Mr. Robinson having once more obtained his liberty, how were we to subsist honourably and above reproach? He applied to his father, but every aid was refused; he could not follow his profession, because he had not completed his articles of clerkship. I resolved on turning my thoughts toward literary labour, and projected a variety of works, by which I hoped to obtain at least a decent independence. Alas! how little did I then know either the fatigue or the hazard of mental occupations! How little did I foresee that the day would come when my health would be impaired, my thoughts perpetually employed, in so destructive a pursuit!

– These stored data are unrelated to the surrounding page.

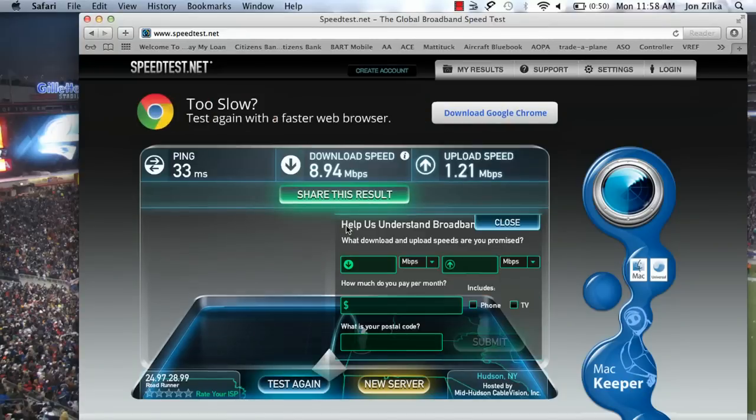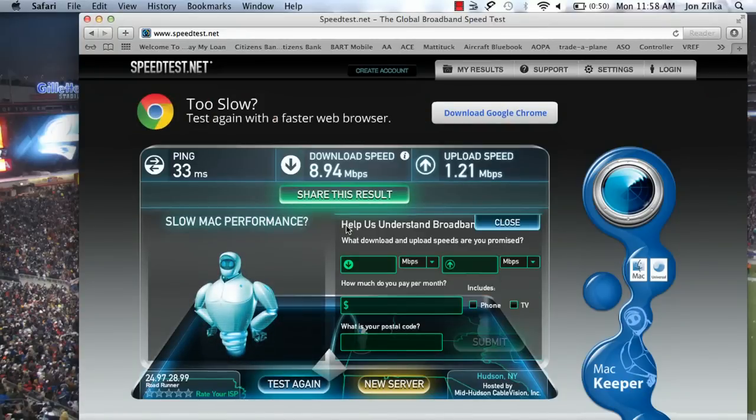If you have a lot of tabs open and a lot of windows, close them down. Your computer is very connected to your browser, so sometimes you may think your browser is running slowly, but maybe your browser is fine — it's your computer. So close down those tabs, close down those windows, restart it, go make a cup of coffee, come back, and maybe that will fix it.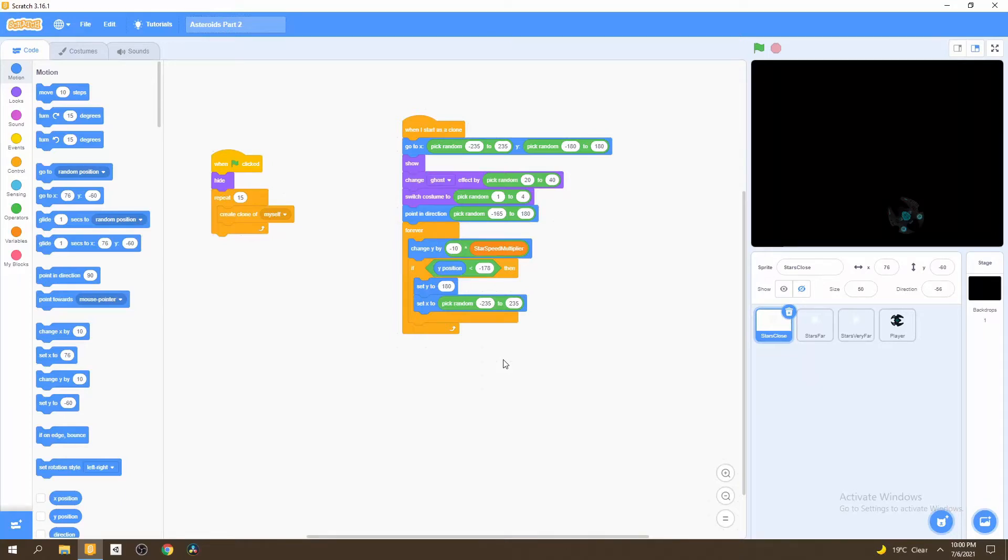In this video, we'll be adding a shooting mechanic into the game and we'll also be adding asteroids for our player to shoot. So let's begin.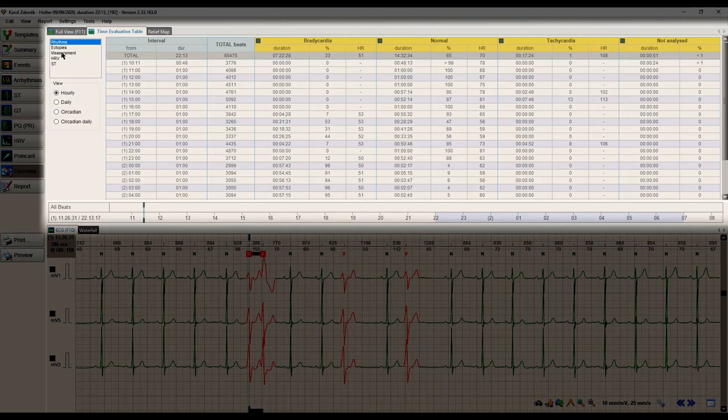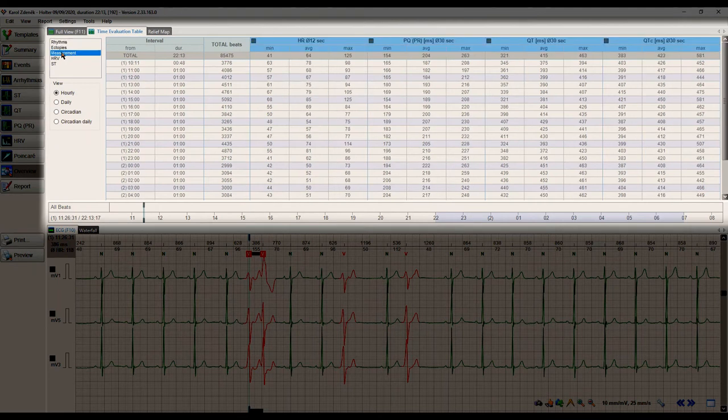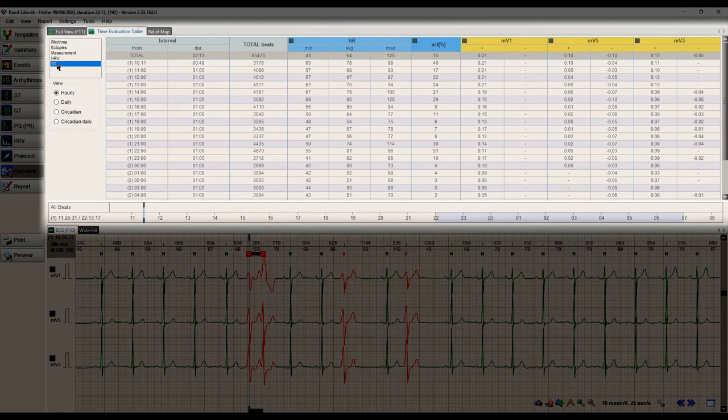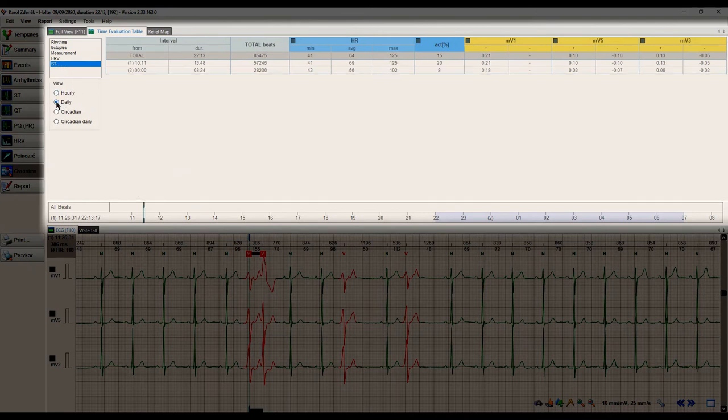Using this table allows us to view and check a wide range of statistics computed over selected time periods such as hourly, daily, circadian and circadian daily.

At the moment that I write this page, I feel in every fibre of my brain the fatal conviction that it is a destroying labour.

William Brereton in the Character of Douglas from a Painting by N. Hone
William Brereton in the Character of Douglas from a Painting by N. Hone

It was at this moment of anxiety, of hope, of fear, that my thoughts once more were turned to a dramatic life; and, walking with my husband in St. James's Park, late in the autumn, we were accosted by Mr. Brereton, of Drury Lane Theatre. I had not seen him during the last two years, and he seemed rejoiced in having met us. At that period we lodged at Lyne's, the confectioner, in Old Bond Street. Mr. Brereton went home and dined with us; and after dinner the conversation turned on my partiality to the stage, which he earnestly recommended as a scene of great promise to what he termed my promising talents. The idea rushed like electricity through my brain. I asked Mr. Robinson's opinion, and he now readily consented to my making the trial. He had repeatedly written to his father, requesting even the smallest aid toward our support until he could embark in his profession; but every letter remained unanswered, and we had no hope but in our own mental exertions.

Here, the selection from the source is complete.